Downcycling Rubber Scrap

Let’s Tango! A breakthrough has been achieved & thanks to the researchers at Fraunhofer Umsicht in Oberhausen who were able to develop a new kind of environmentally friendly material mix called “elastomeric powder modified thermoplastics” EPMT in short, by the process of downcycling.  Downcycling is a procedure wherein the waste materials undergo a total transformation - things we would throw away - into another product of lesser quality, e.g. transforming a post-consumer plastic bottle into a new lower grade product, or rubber residues to floor coverings or safety crash pads. 



This process uses  rubber scrap as a modifier for plastics, at ratios of 60-80 percent. Products such as lawn mower wheels and splashguards are being tested at potential customer facilities. The research focuses on technical rubber products, such as profiles, sealing rings and rubber mats. The objective of the research work was to systematically analyze elastomers in powder and granulate form to optimize the recycling of rubber residues, because the elastomers in powder and granulate form can be used as functional additives, i.e., they provide plastics compounds with the desired properties such as haptics, hardness or elasticity.

By adding elastomeric powder, Fraunhofer UMSICHT has now developed high quality plastics compounds, called elastomeric powder modified thermoplastics (EPMT). The materials are already undergoing application tests at industry customers.The new plastics compounds are processed into granulates in the compounder system, together with thermoplastics and additives. These in return can be processed on thermoplastic processing equipment.

Fraunhofer said the recycling of elastomers increases the added value and opens up new market perspectives. Production waste, e.g. from rubber processors can be recycled. At present, 60-80 percent of elastomeric powder by mass can be worked into the thermoplastic matrixes. EPMT can be used cost-effectively, are easily processed in injection molding or extrusion machines, and are recyclable. (Source: http://www.plasticsnews.com/article/20121114/NEWS/311149971)

It's believed that most of the 20 plus million tons of rubber that is processed every year globally goes into manufacturing vehicle tires and that once rubber products reach the end of their useful lives, for the most part they end up being incinerated. Even when the rubber scrap & waste are reclaimed and re-used to make new products, the lack of techniques for producing high-quality materials means that the recyclables are downcycled to secondary products such as arena or playground floor coverings or padded doormats.

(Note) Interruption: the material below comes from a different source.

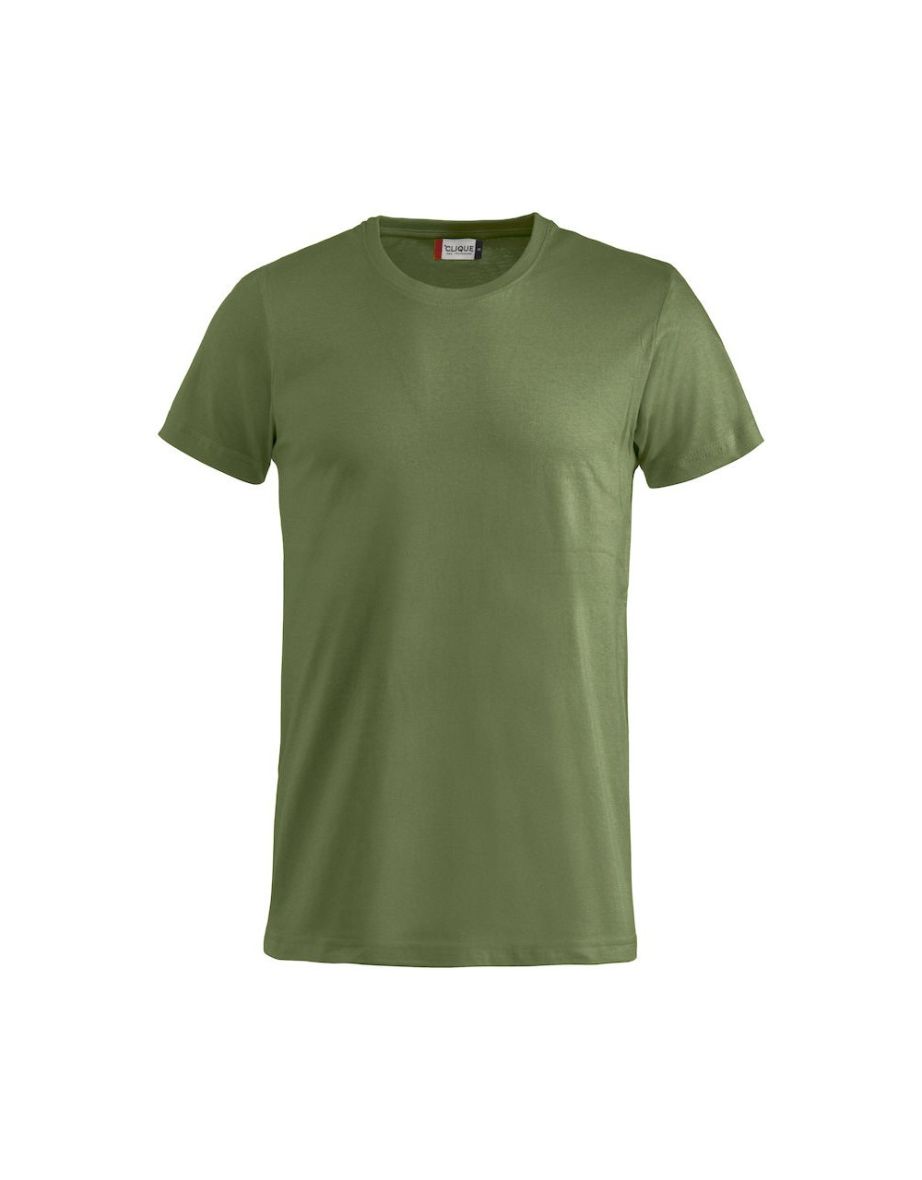 Clique Mens Basic T-Shirt - Army Green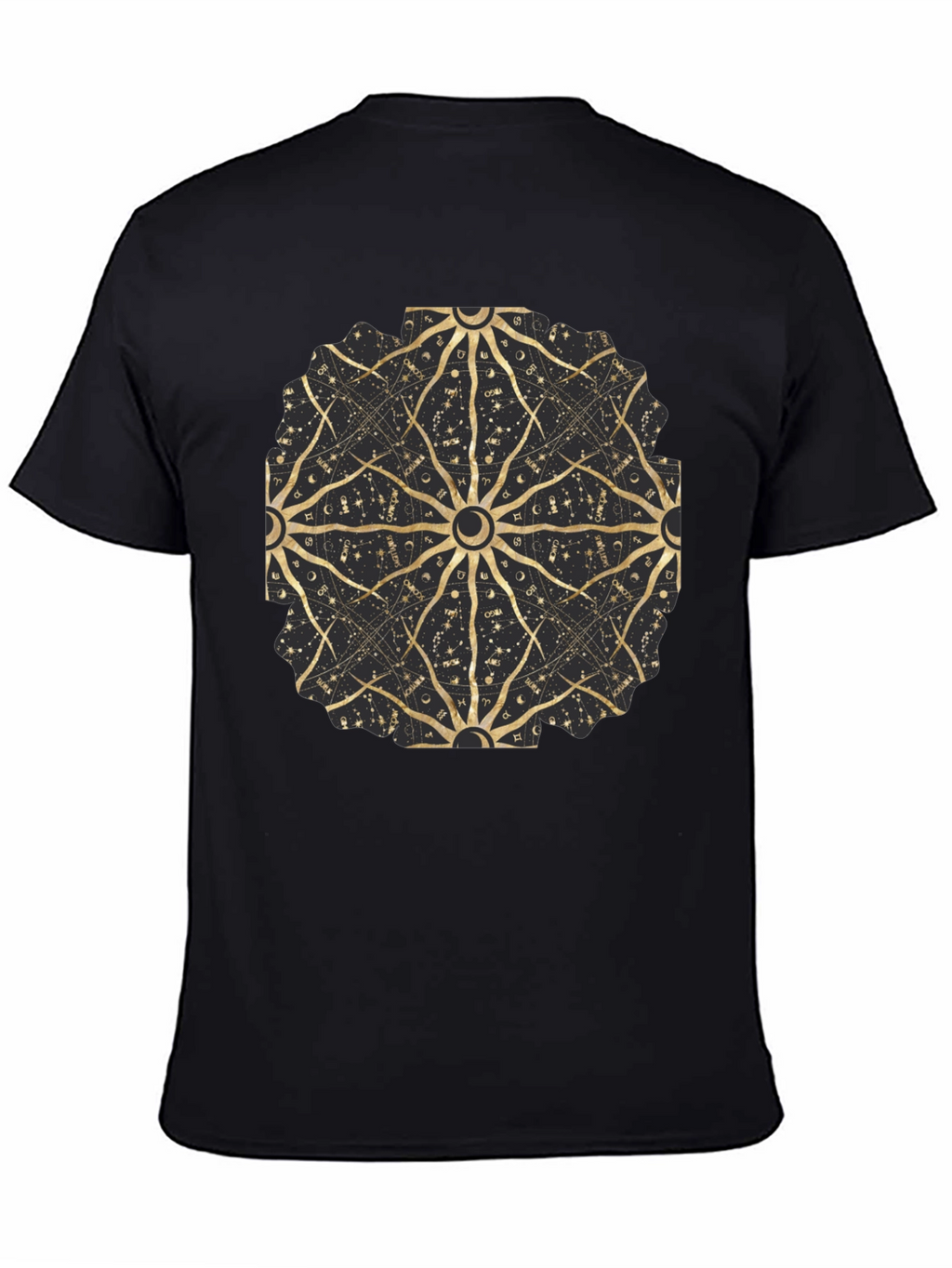 Celestial Astrology Mandala Black Tee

Looking for new ways to optimize the recycling of rubber scrap, researchers now have developed a material called EPMT that has the desired material properties and characteristics for use in the manufacture of high quality products such as wheel and splashguard covers, handles, knobs and steerable casters.

Holger Wack, Damian Hintemann and Nina Kloster from the Fraunhofer Institute for Environmental, Safety and Energy Technology UMSICHT in Oberhausen, Germany, have until today developed three basic elastomer powder modified thermoplastics (EPMT) recipes and have formed a new company named RUHR Compounds in order to market EPMT. The company is also offering custom services which examine where EPMT could be used to replace existing materials in customer product ranges and then come up with special recipes to match specific requirements.

Machines currently used by the researchers are capable of producing up to 350 kg (770 pounds) of EPMT per hour and individual material properties like elasticity, breaking strain and hardness are easily modifiable according to the need of the customer.

"In the first step, the rubber scrap & waste – that can be meter-long rubber pieces are granulated to three-millimeter large particles," explained Dr. Wack. "The particles are cooled with liquid nitrogen and then ground into elastomeric powders. This is then conducted to the melt-mix process with thermoplastics and additives. Here we use, for example, polypropylene as a thermoplastic material."

The new compounds can contain up to 80 percent residual rubber and the researchers claim that EPMT can be easily processed in injection molding and extrusion machines. EPMT used in the manufacture of new products can itself, be recycled again when those products reach the end of their useful life.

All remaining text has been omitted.